Şükür üç kısımdır:
a) Kalbin şükrü b) Dilin şükrü c) Bedenin şükrü
a) Kalbin şükrü:
Bütün nimetlerin, Allah Teâlâ’ya ait ve Allah Teâlâ’nın olduğuna itikad etmektir. İtikattan önce bilmek vardır. Kâinatta bir çöpün bile kendisine ait olduğu hiçbir kimse yoktur. Çünkü her şeyin yaratıcısı sadece Allah Teâlâ’dır. Zira Allah Teâlâ şöyle buyurmuştur:
“Allah sizi de yarattı, sizin yaptıklarınızı da.”
(Sâffât sûresi, 37/96)
b) Dilin şükrü:
Bütün nimetlerin Allah Teâlâ’nın olduğunu “elhamdülillâh” diyerek itiraf etmektir.
c) Bedenin şükrü:
İnkıyâd yani ibadet ve itaattir.
Şükür özetle; kalbin itikadı, dilin itirafı, bedenin inkıyâdıdır.

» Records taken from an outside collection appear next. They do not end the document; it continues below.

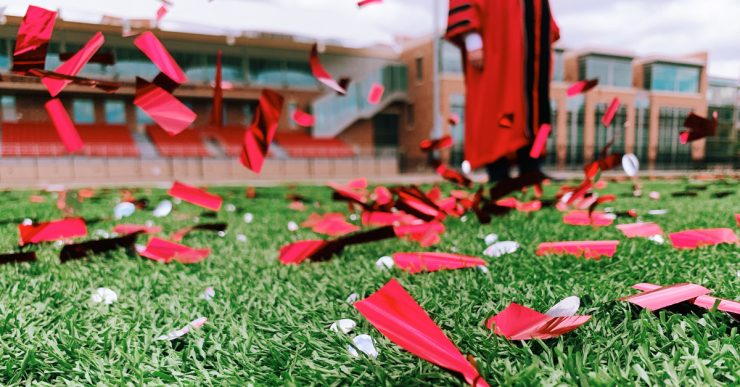 confetti on field with person in academic robes in background
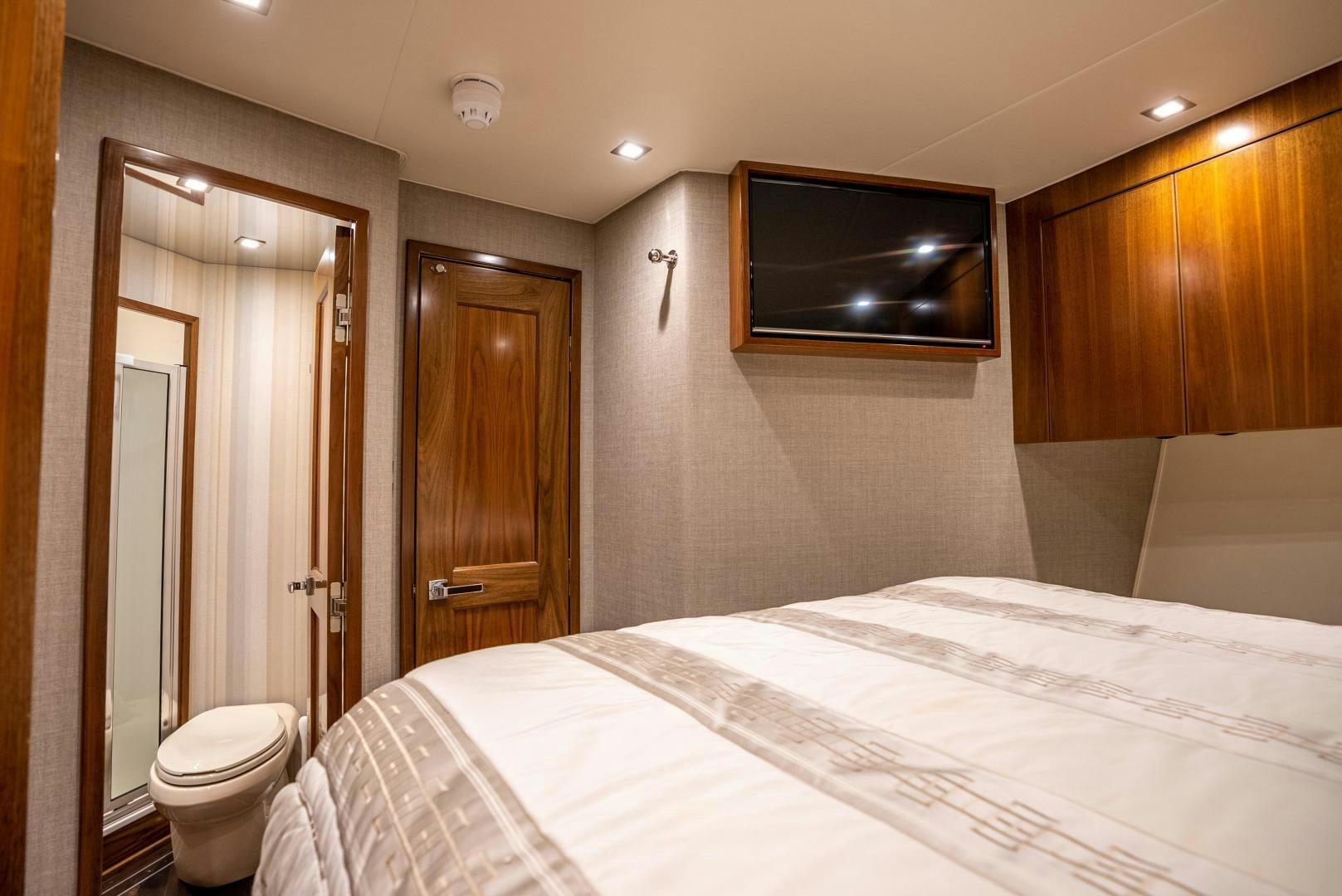 a hotel room with a television aboard Leslie Ann Yacht for Sale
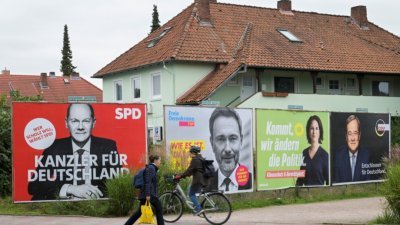 在德国汉堡，一民众走过有著本届大选各党总理候选人的巨型海报看板。左起为社民党的肖尔茨、自由民主党的林德纳、绿党的贝尔博克，以及基民盟的拉舍特。(图取自路透社)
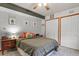 Nicely decorated bedroom with ample closet space, wood trim and bedside table with lamp at 4664 S Union St, Morrison, CO 80465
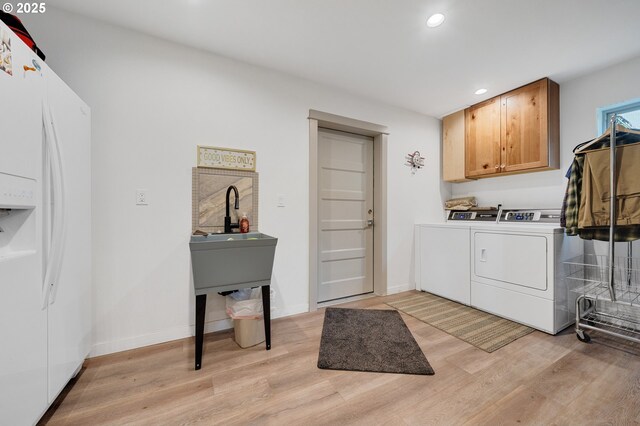 9065 8th St, Bay City, OR 97107 - laundry area featuring washer and dryer, cabinet space, light wood-style floors, recessed lighting, and baseboards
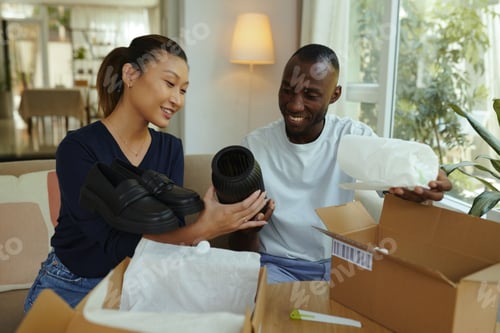 Preview: Couple Checking Goods After Delivery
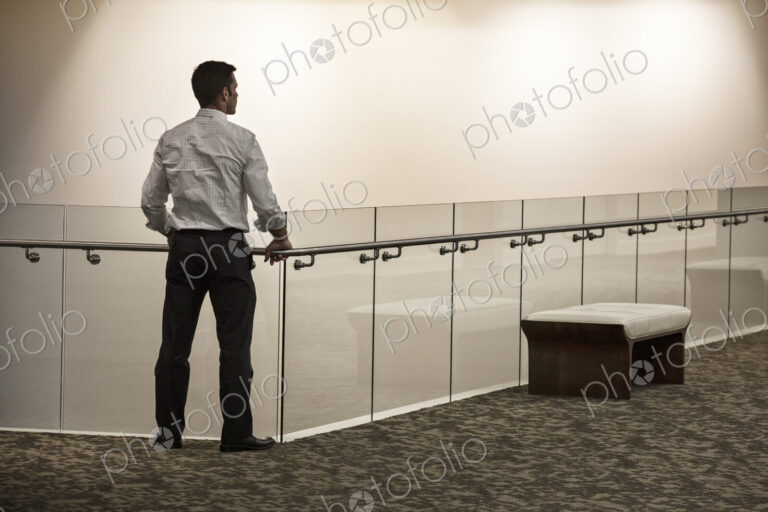 Businessman in a business center hallway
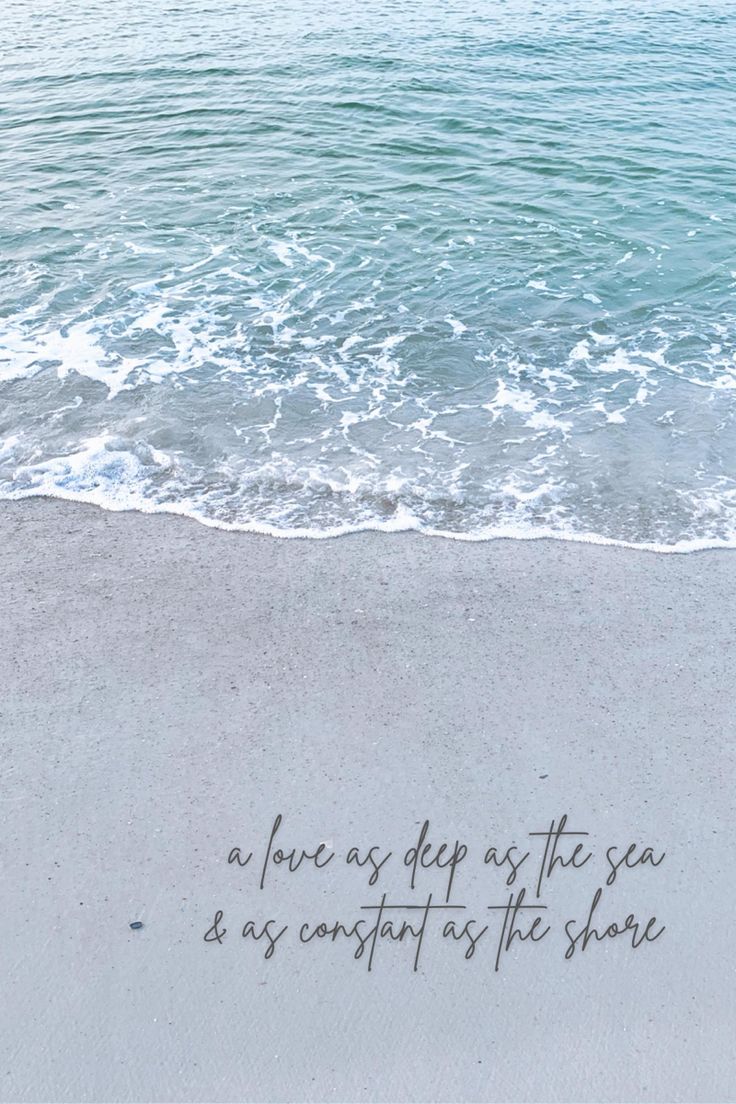 a message written on the sand next to the ocean with waves coming in from the shore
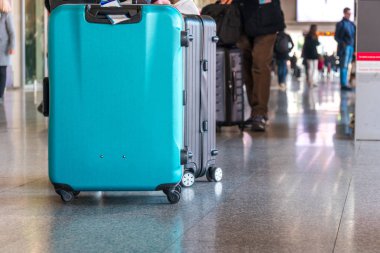 Havaalanında bavul çantasıile tek başına yürüyen yolcu.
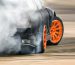 Race drift car burning tires on speed track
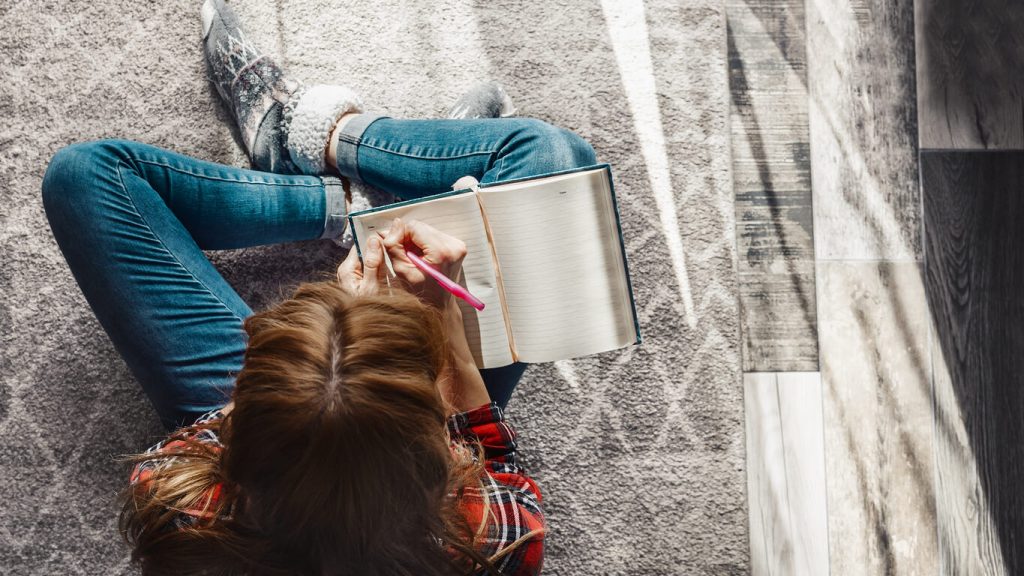 woman writing on her journal shifting affirmations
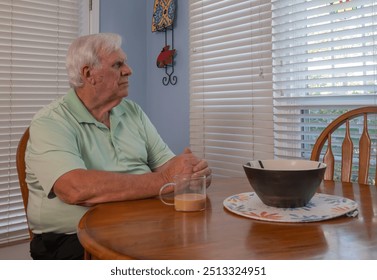 Older man with white hair wearing a green shirt looks out the window while enjoying his coffee. He smiles and seems to enjoy the scenery. - Powered by Shutterstock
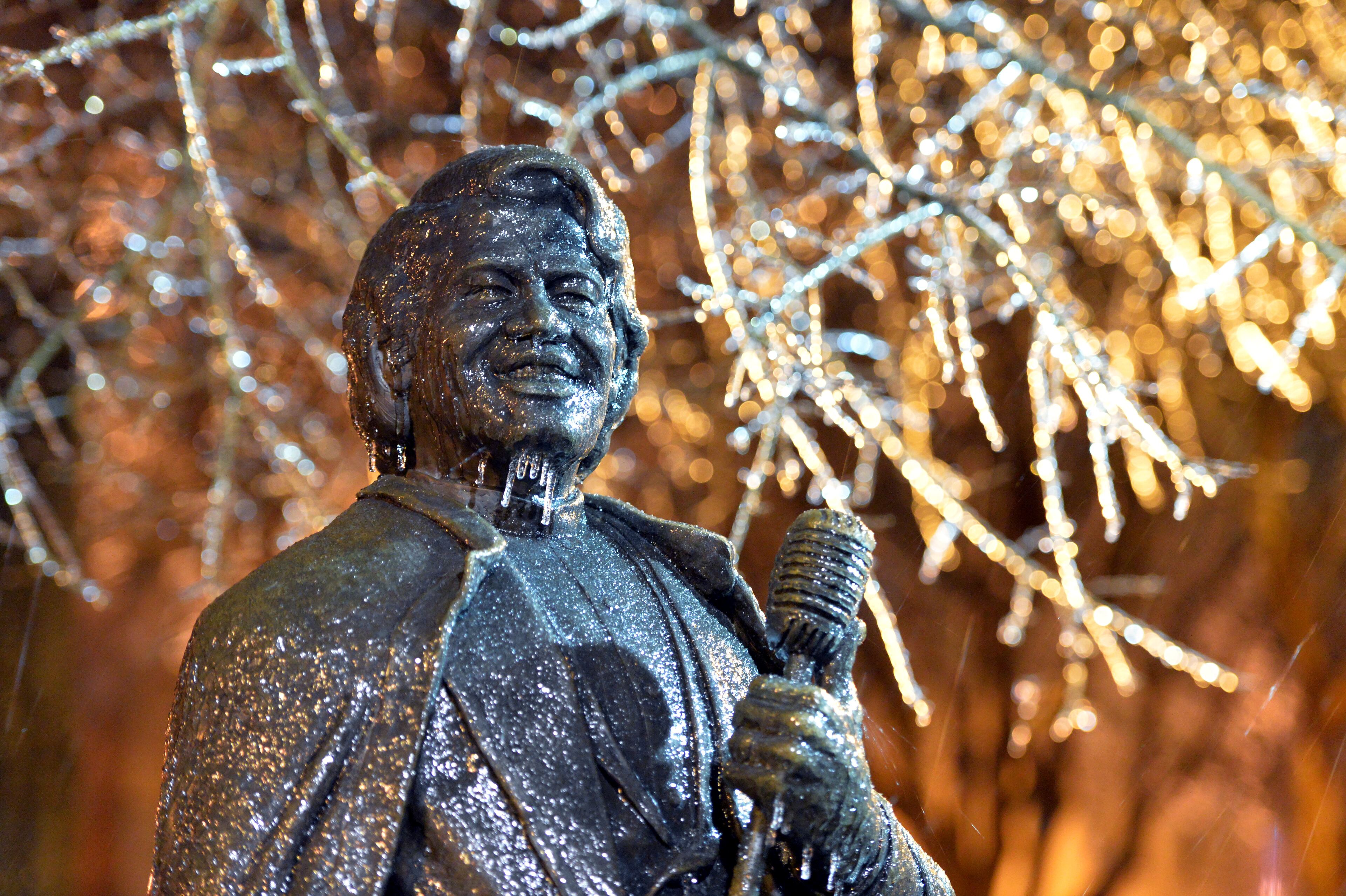 Ice is formed on the life-size bronze statue of James Brown in downtown Augusta on Wednesday, February 12, 2014. Georgia's so-called Garden City prepared to be Ice City by morning, with thousands of homes losing power and felled trees shutting down roadways. HYOSUB SHIN / HSHIN@AJC.COM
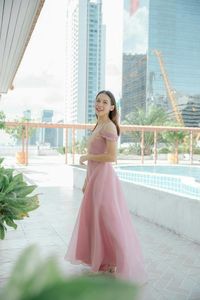Portrait of beautiful young woman wearing evening gown while standing by swimming pool against buildings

Şiblî’nin (rh.a.) dediği gibi, “Şükür, nimeti değil, nimeti vereni görmektir.”
Nimet bir hediyedir ki daima Allah’tan gelmektedir. Şükür, hediyeyi görmek değil, hediyeyi göndereni bilmek, hediyeyi gönderenin ancak Allah olduğuna inanmak ve hediye gönderene teşekkür etmektir. Hediyeyi görüp hediye gönderene teşekkür etmemek nankörlüktür. Nankörler ise azaba müstehak olurlar.
Şükür, Allah’a kulluğun ifadesidir ki Allah Teâlâ şöyle buyurmuştur:
“Ey iman edenler! Size verdiğimiz rızıkların temiz olanlarından yiyin, eğer siz yalnız Allah'a kulluk ediyorsanız O'na şükredin.”
(Bakara sûresi, 2/172)
Yani ey müminler, size ikram edilen nimetleri yiyin arkasından da nimetlerin gerçek sahibinin Allah olduğunu bilin ve Allah’ın olduğuna inanın, yaratılma sebebi olan kulluğun ifadesi olan şükürde bulunun demektir.
Hamdler, dualar, zikirler, istiğfarlar, hayır konuşmalar dilin zikri; namaz, bedenin şükrü; zekât, malın şükrüdür.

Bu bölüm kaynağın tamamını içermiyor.